22:28-31. O Que Deus Deve Receber De Seu Povo. 

28. Nem amaldiçoarás o príncipe do teu povo. Este é o famoso versículo citado por Paulo em seu julgamento perante o sumo- sacerdote (At 23:5). Deus e príncipe parecem formar a princípio um pa­ralelismo estranho, pois o mesmo verbo é usado em relação aos dois (SBB blasfemar e amaldiçoar). É possível que aqui a palavra “Deus” (elõhim) deva ser traduzida “juizes”: isto é possível em várias outras passagens do Velho Testamento, com perfeito sentido. Todavia, se a re­verência para com Deus torna o amaldiçoar pai e mãe um crime capital (21:17), assim também o amaldiçoar um chefe tribal escolhido por Deus. O termo hebraico nãsV indicava em dias mais antigos um chefe de clã patriarcal, uma posição representativa e quase religiosa, como se pode ver em Números 17:1-6. Em tempos mais recente, tornou-se um termo mais genérico, normalmente traduzido “príncipe”, como em Ezequiel 46. Esta atitude reverente para com a autoridade chega a soar estranha aos nossos ouvidos modernos, mas está em perfeita sintonia com o ensino de Romanos 13:1 e com o princípio geral de submissão mútua expresso em 1 Pedro 5:5. Por outro lado, é claro que isto não ex­clui a desobediência consciente à autoridade por amor a Cristo (ver Mt 22:21). 

29. Do melhor das tuas ceifas e das tuas vinhas. Literalmente tra­duzido, o texto hebraico significa “A tua plenitude e o teu jorro”, mas a SBB está provavelmente correta em sua interpretação. Sabemos que plenitude normalmente se aplica ao vinho e é bem provável, portanto, que jorro (literalmente “lágrima”) se aplique ao azeite.

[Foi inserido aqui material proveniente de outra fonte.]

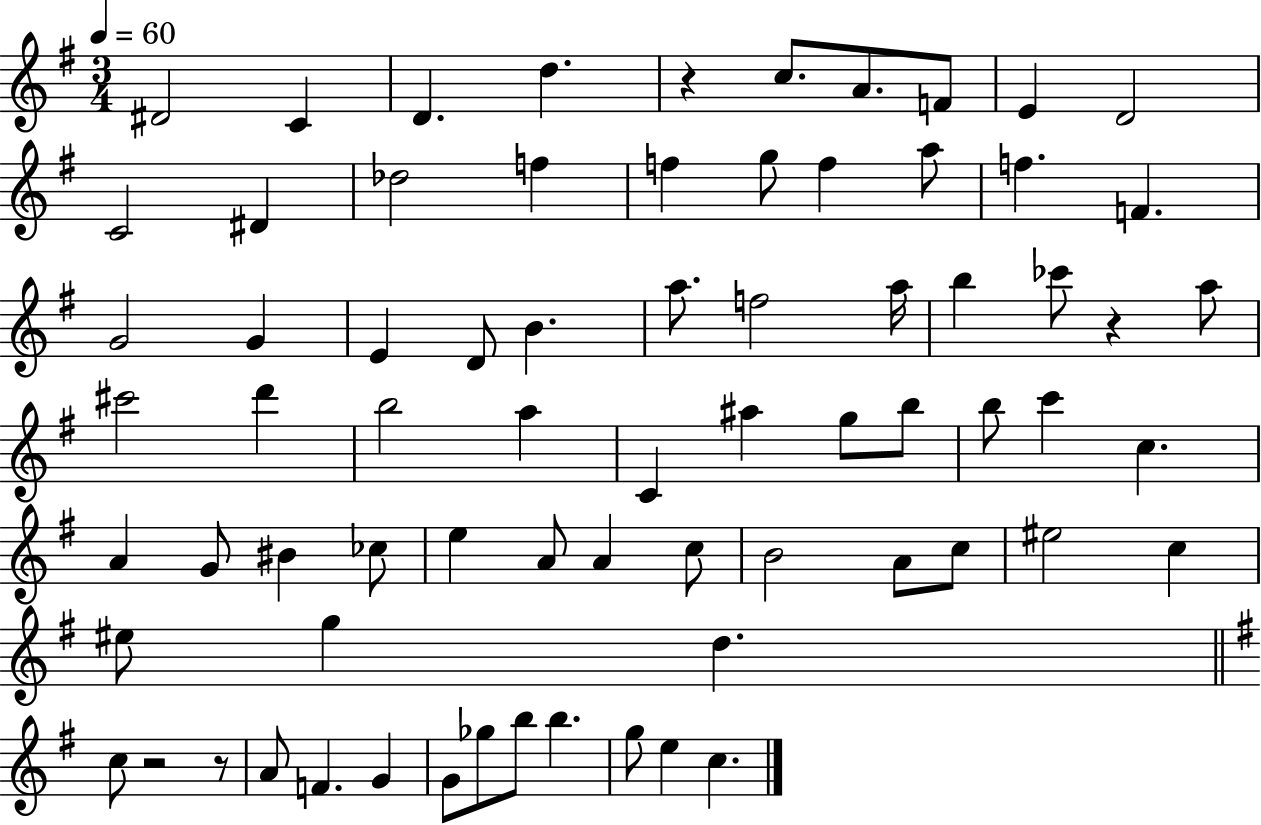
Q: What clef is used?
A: treble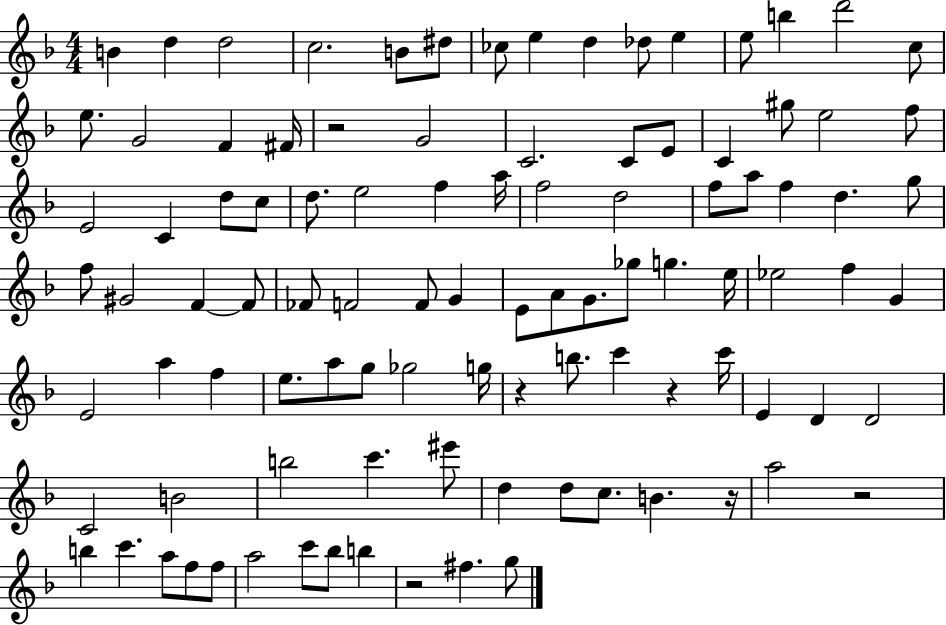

O Mishnah, en­tretanto, usa esta palavra para descrever o suco que escorre natural­mente de uvas muito maduras e neste caso as duas frases seriam estrita­mente paralelas. 

O primogênito de teus filhos me darás. Este é o princípio básico. Não é necessário afirmar que o autor desconhecia a prática israelita de resgatar ou substituir (13:13), tão claramente exposta em outras partes do Pentateuco. 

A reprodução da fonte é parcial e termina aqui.